NORTH HAVEN — The state’s third medical school opened its doors to students last week, the first to do so since UConn’s medical school started in 1968.
Quinnipiac University’s Frank H. Netter MD School of Medicine in North Haven is in its second week of classes for 60 future physicians. Classrooms, mock operating rooms and offices are located in the former Anthem Blue Cross and Blue Shield building on Bassett Road, renovated at a cost of $100 million.
The new graduate school will help address what’s projected to be a nationwide lack of physicians, said Dean Bruce Koeppen.
Baby boomers, moving toward retirement, are more likely to use health care than previous generations and often have at least one serious medical condition. Forty percent of physicians are also expected to retire in the next 10 years, according to Koeppen.

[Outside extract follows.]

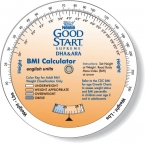 Promotional 3 Wheel Cal. Bmi - Children / Adult (4.25" Dia.) Digital 4cp & Varnish - Metric Measurements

“There’s a national shortage of physicians that’s predicted only to get worse,” he said.
Bill Berger, a 42-year-old Cheshire resident, worked for two decades at the Agricultural Experiment State in New Haven before deciding he wanted to be a physician. The biology major said he worked in food and environmental safety.
“I wanted more of a personal connection with the people I’m helping,” Berger said.
Quinnipiac’s new school appealed to him since its professors were focused on teaching rather than research.
Berger said he has yet to pick a specialty and is waiting to see “what speaks to me the most.”
Stephen Wikel, senior associate dean for scholarship, said the school was intentional about finding faculty interested in education. At many medical schools, teaching is only a small portion of the duties of faculty.
“We really are looking for people who are interested in teaching and being true medical educators,” Wikel said.
During the search to fill 22 positions, 967 applications were considered.
Quinnipiac bought the 104-acre property in 2007 for $40 million. The campus hosts the schools of health sciences, nursing, medicine and education. Quinnipiac’s law school will also move to North Haven from Hamden next fall so that graduate studies will be consolidated.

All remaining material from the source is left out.